_GIVEN MATERIAL_
----------------------------------------
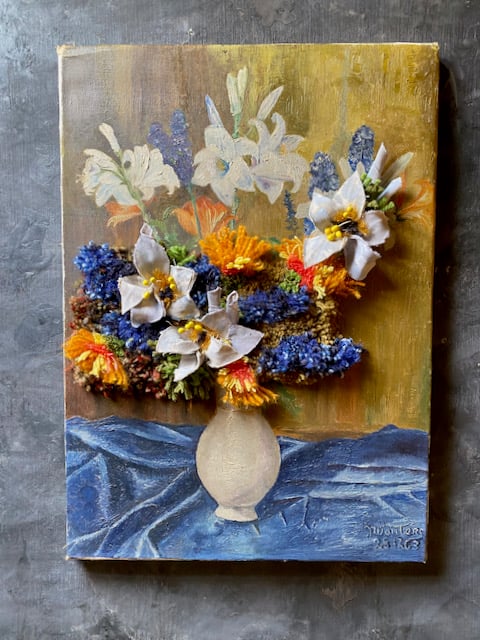Image of altered perspective paintings - blooms no. 04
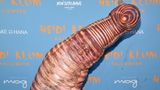 Model Heidi Klum posiert in ihrem Halloween-Kostüm.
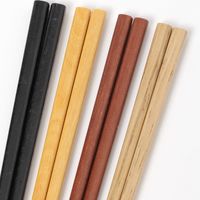 ウッド四角箸5点セット ブラウン LAKOLE/ラコレ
----------------------------------------
Where a picture appears, omit it, and otherwise retype the material exactly.

_OUTPUT FOR THIS EXERCISE_
Image of altered perspective paintings - blooms no. 04
 Model Heidi Klum posiert in ihrem Halloween-Kostüm.
 ウッド四角箸5点セット ブラウン LAKOLE/ラコレ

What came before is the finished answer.